WHAT THE TASK REQUIRES:
Print only the lines below from the one with "Girl Short Sleeves" to the one with "Bling Rhinestone Rose", both included, exactly as they stand. Leave pictures out.

(INFORMATION SHOWN begins)

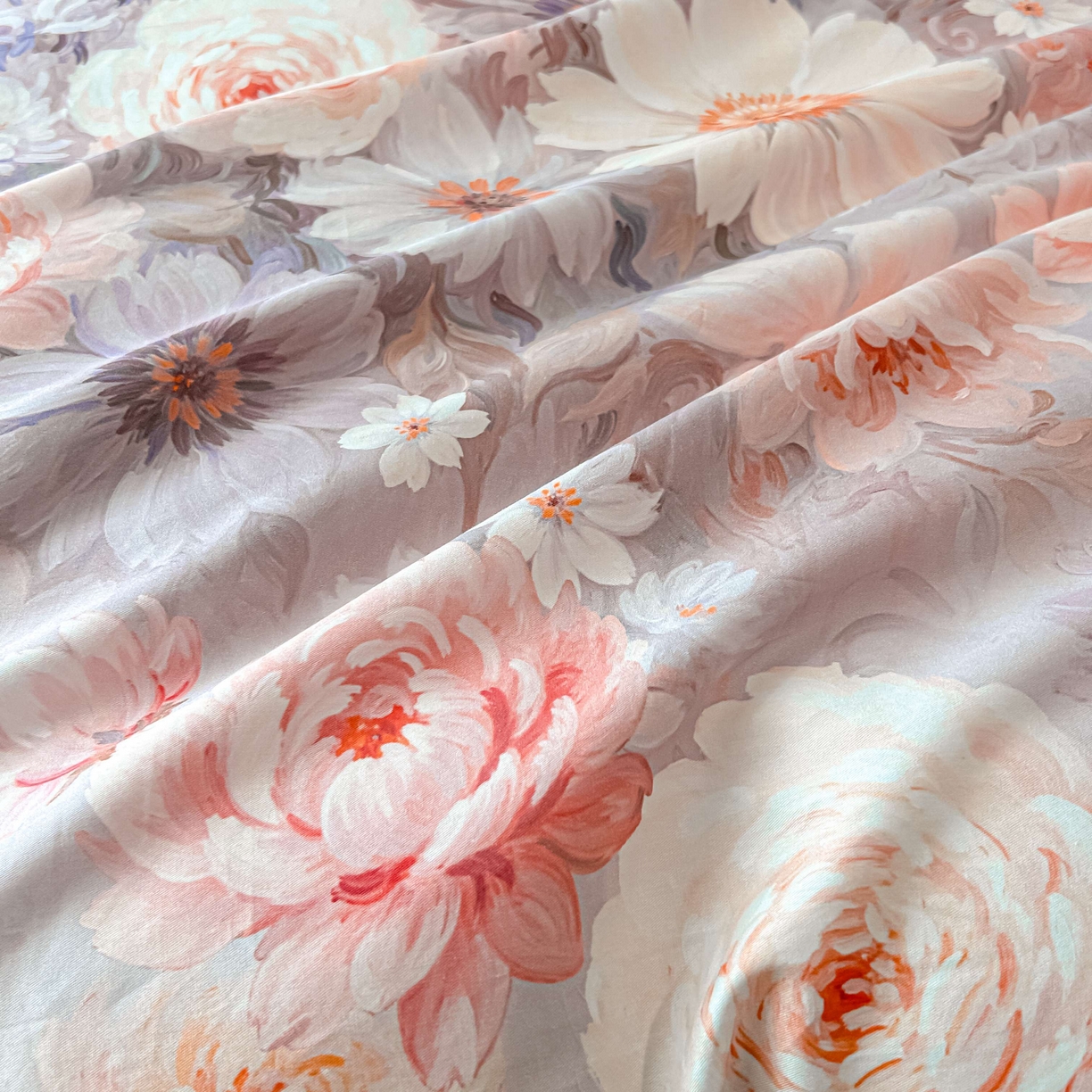 91家纺网 家纺一手货源 找家纺 启航家居 2026新款全棉纯棉数码印花四件套（控价198） 木槿花开粉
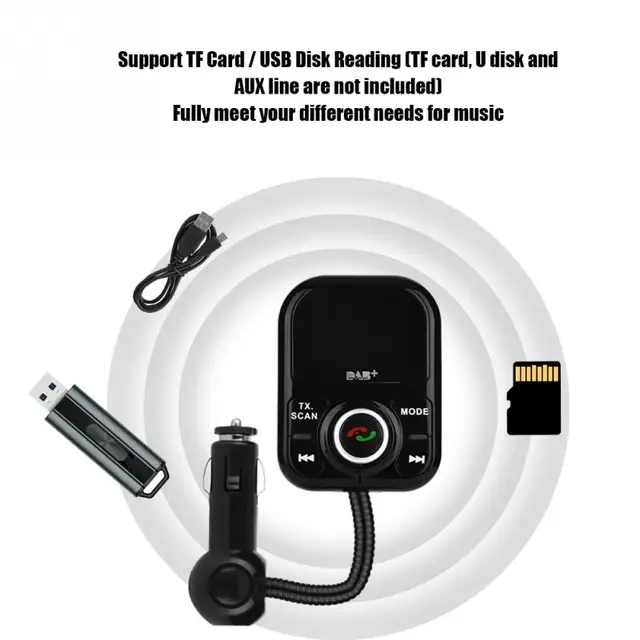 Universal Car DAB/DAB + FM Radio Antenna Adapter Receiver Bluetooth Handsfree Car DAB Player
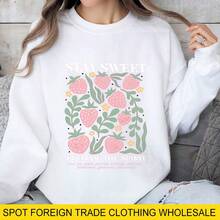 Nueva sudadera STAY SWEET con estampado de fresas, cuello redondo, estilo casual y holgado para otoño/invierno para mujer. - Negro - Ver 2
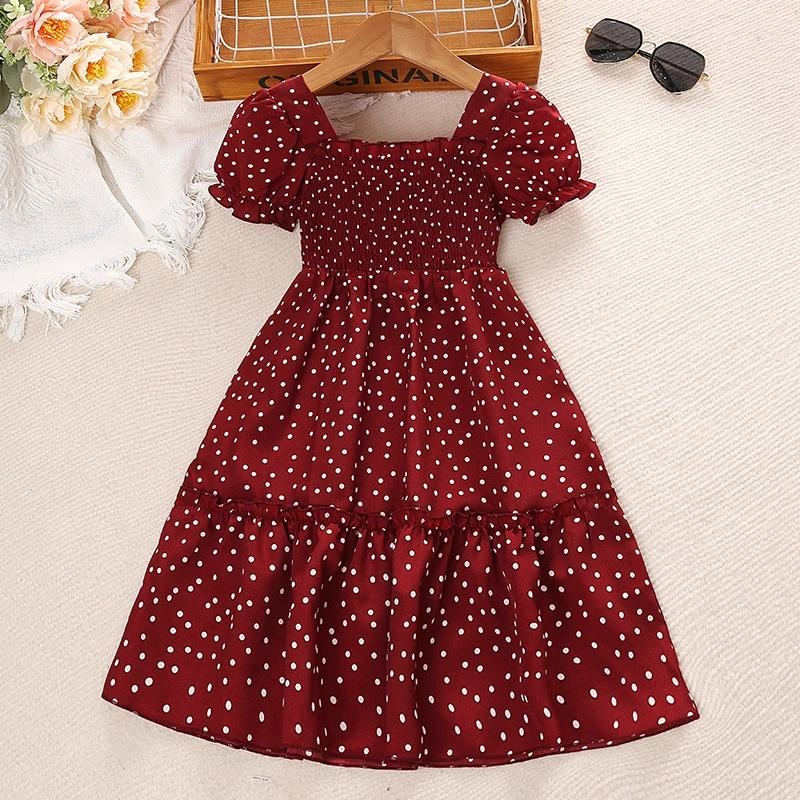 Girl Short Sleeves Print Dress Children Kid Casual Summer Beach Sundress Princess Dresses Clothes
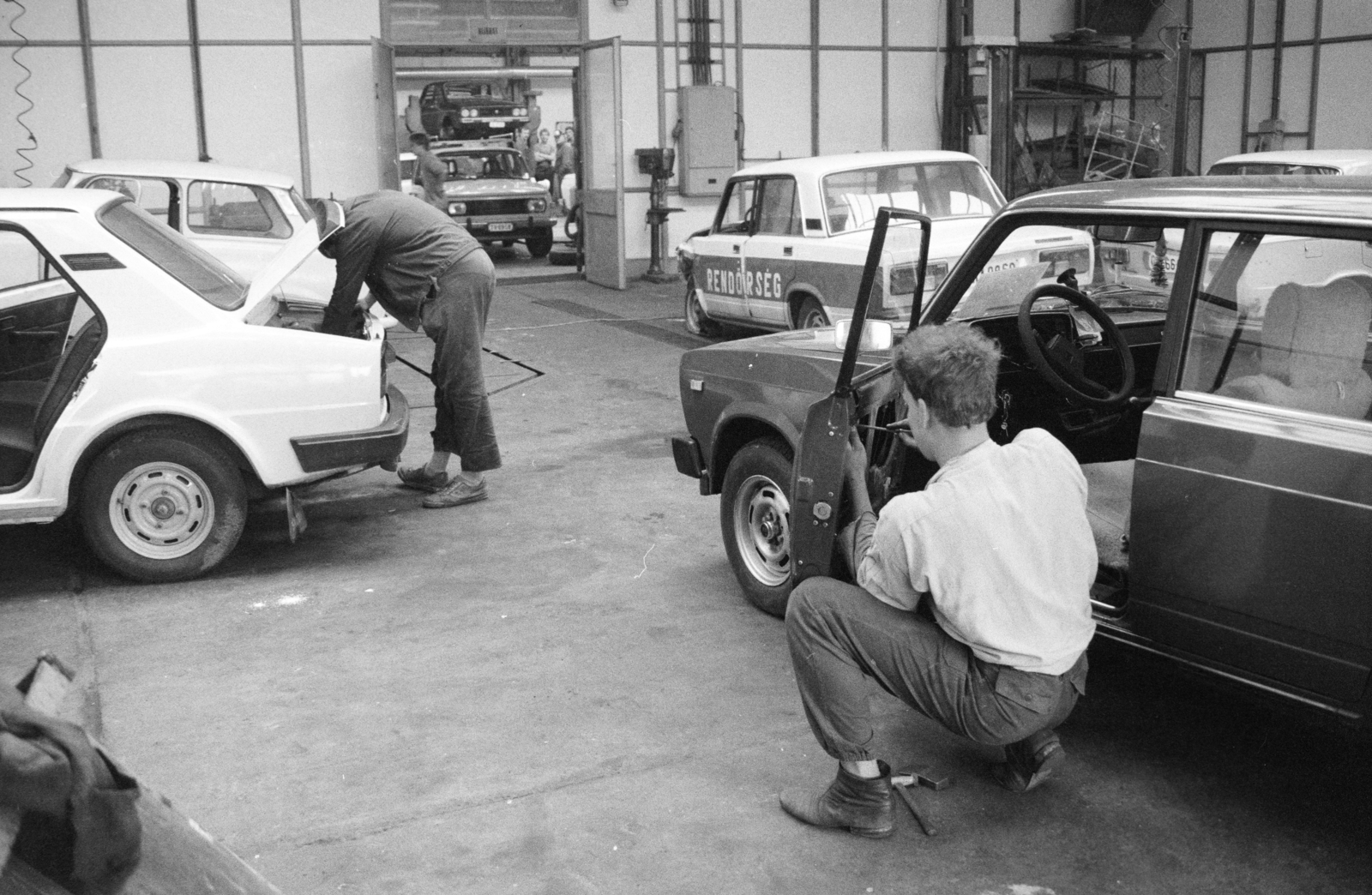 1986, Vimola Károly, car repair, police vehicle, Fortepan #250403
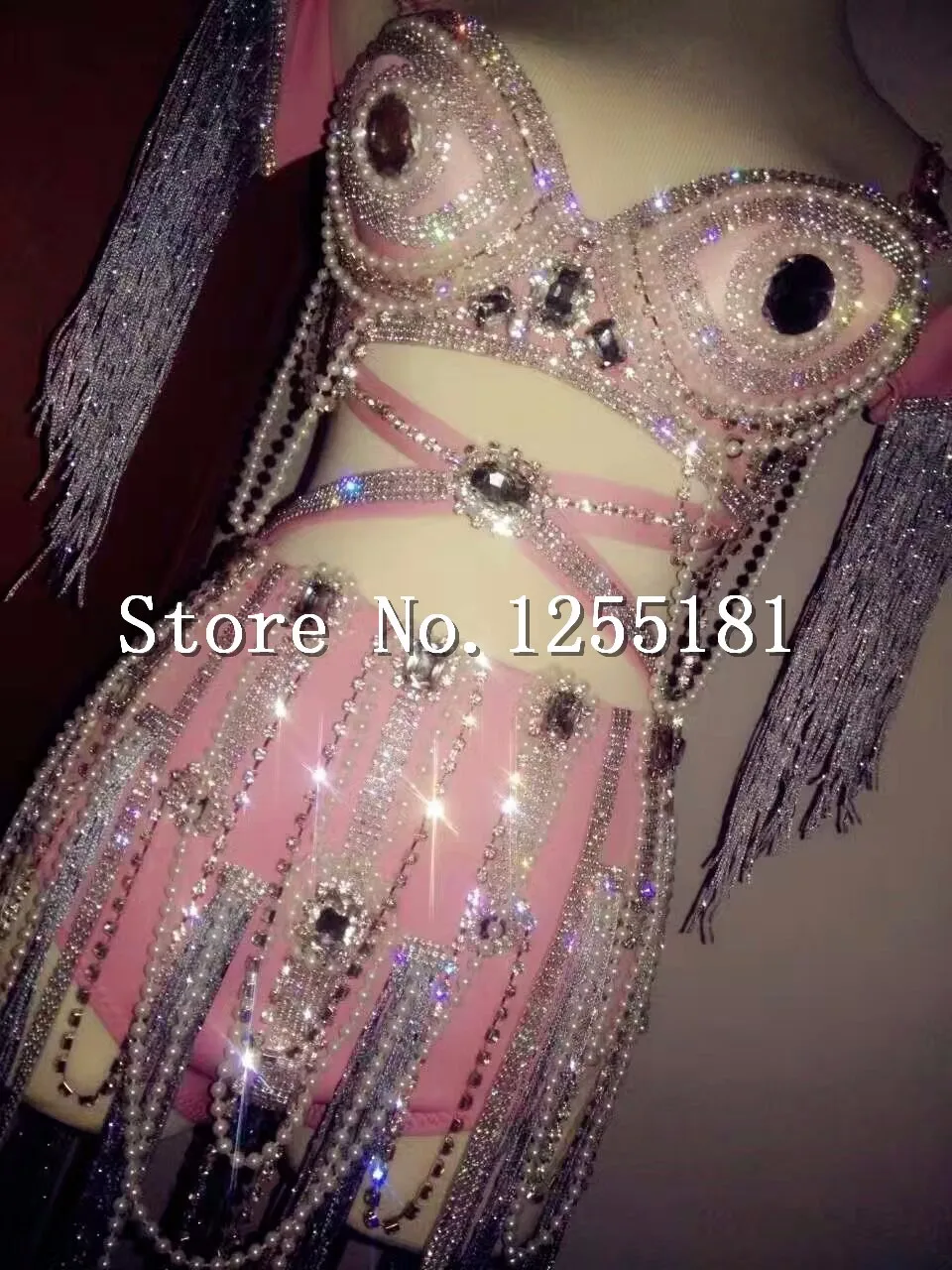 Bling Rhinestone Rose Bikini Pearls Tassel Chains Outfit Women's Sexy Party Wear Clothing Set Sequins Bodysuits Costumes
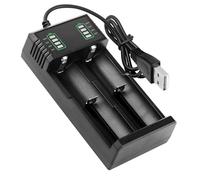 18650 Battery Charger, 3.7V Batteries Rechargeable Charger 18350 14500 16340 17500 17670 18500 21700 26650 Li-Ion Battery, Universal Fast Dual Charge With USB Cable Spring-Loaded Battery Tray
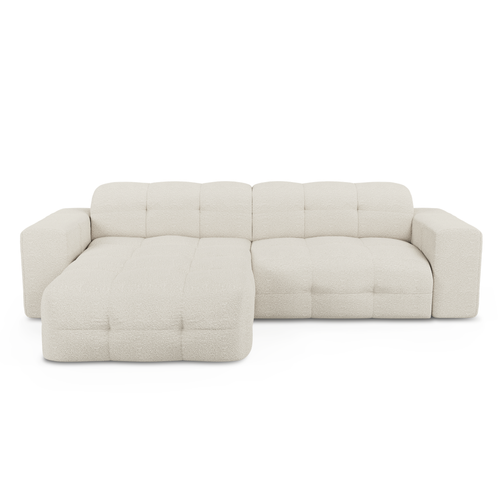 Sia Home - Hoekbank links MAEL - Bouclette stof - Crème - 230cm - vtwonen shop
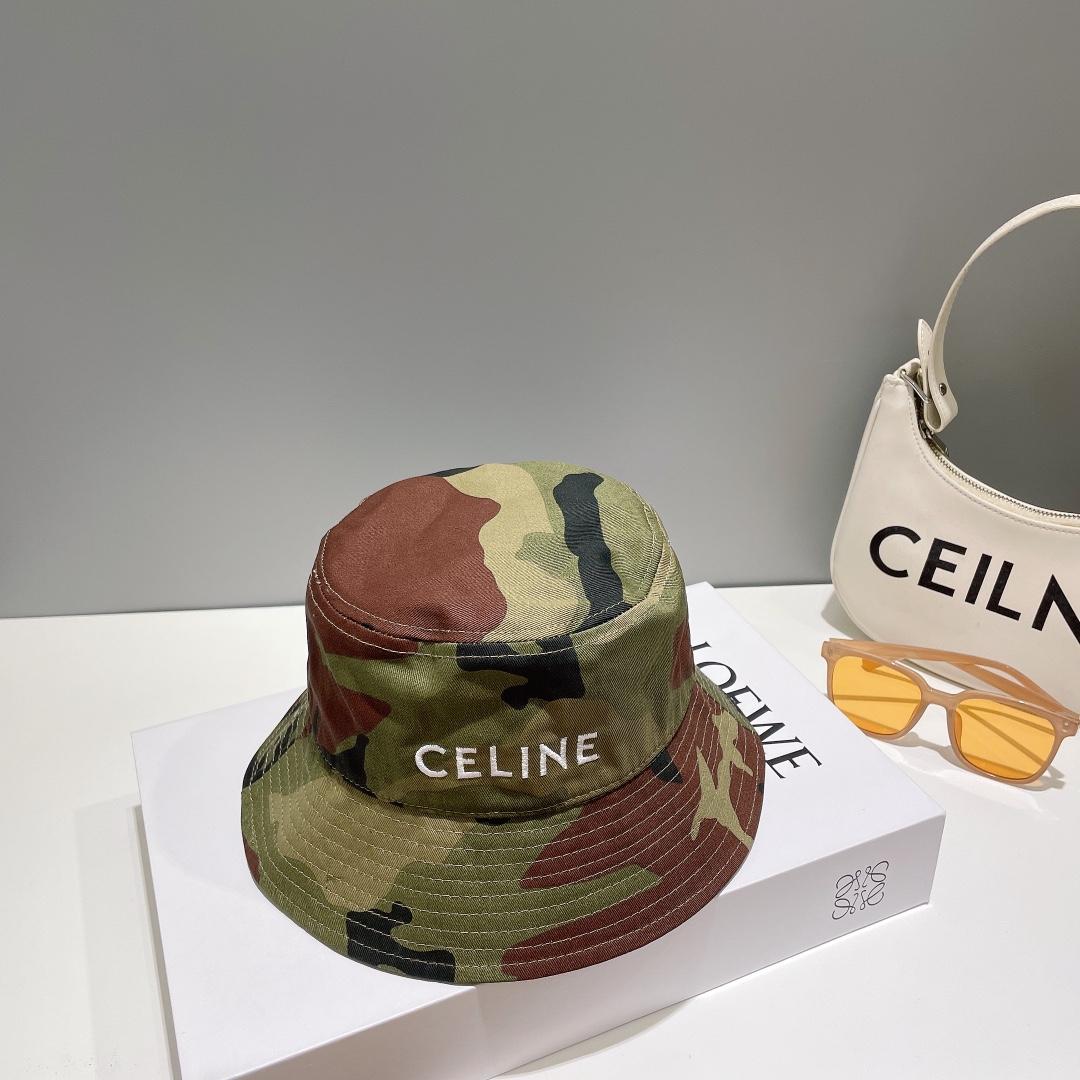 Celine Embroidered Bucket Hat In Camouflage Cotton - DesignerGu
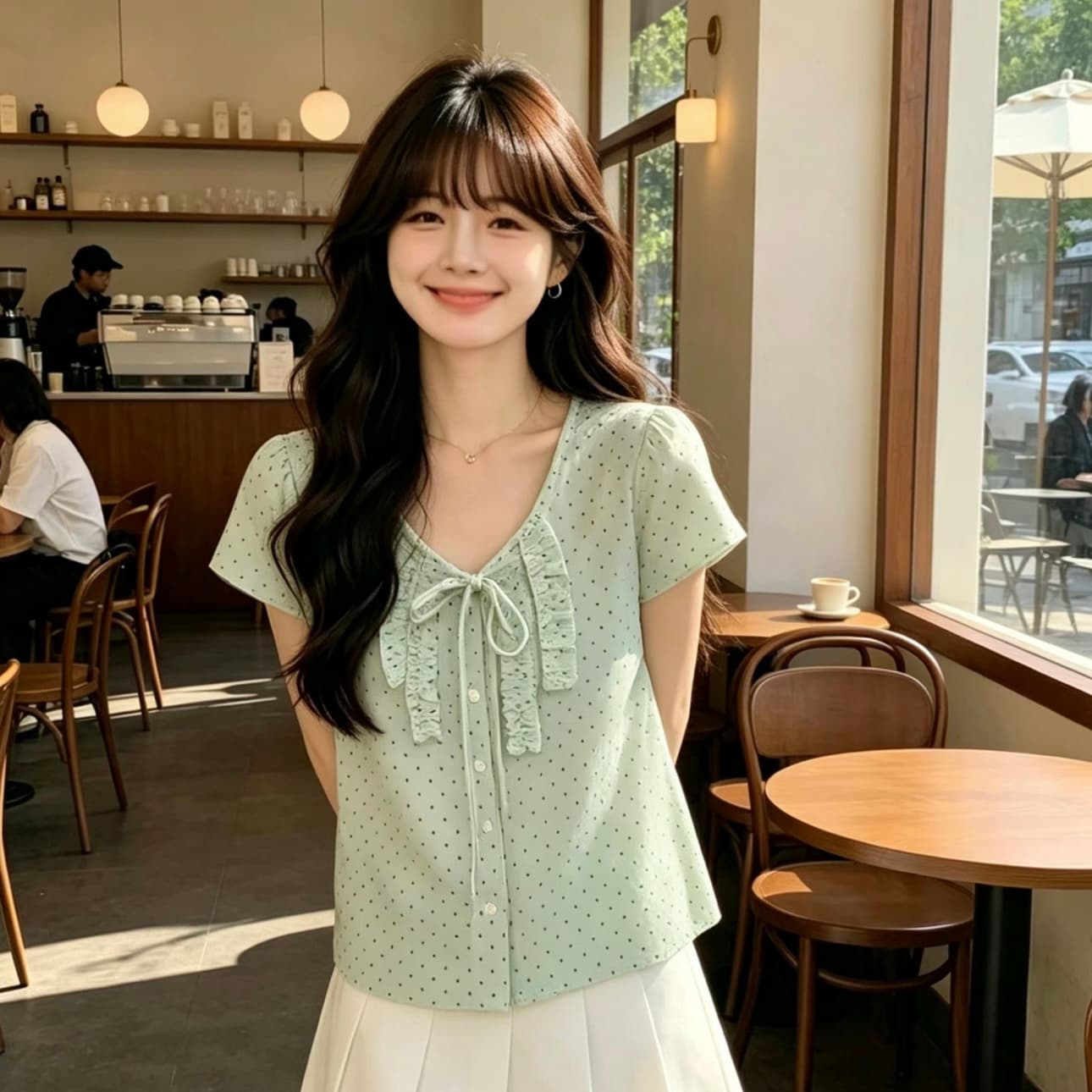 프랑스식 달콤한 스타일 V 넥 셔츠 허리 수축 슬림해 보이는 고급 센스 캐주얼 새로운 반팔 도트 무늬 맨위 여성 이미지 5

(INFORMATION SHOWN ends)

ANSWER TO THIS PROBLEM:
 Girl Short Sleeves Print Dress Children Kid Casual Summer Beach Sundress Princess Dresses Clothes
 1986, Vimola Károly, car repair, police vehicle, Fortepan #250403
 Bling Rhinestone Rose Bikini Pearls Tassel Chains Outfit Women's Sexy Party Wear Clothing Set Sequins Bodysuits Costumes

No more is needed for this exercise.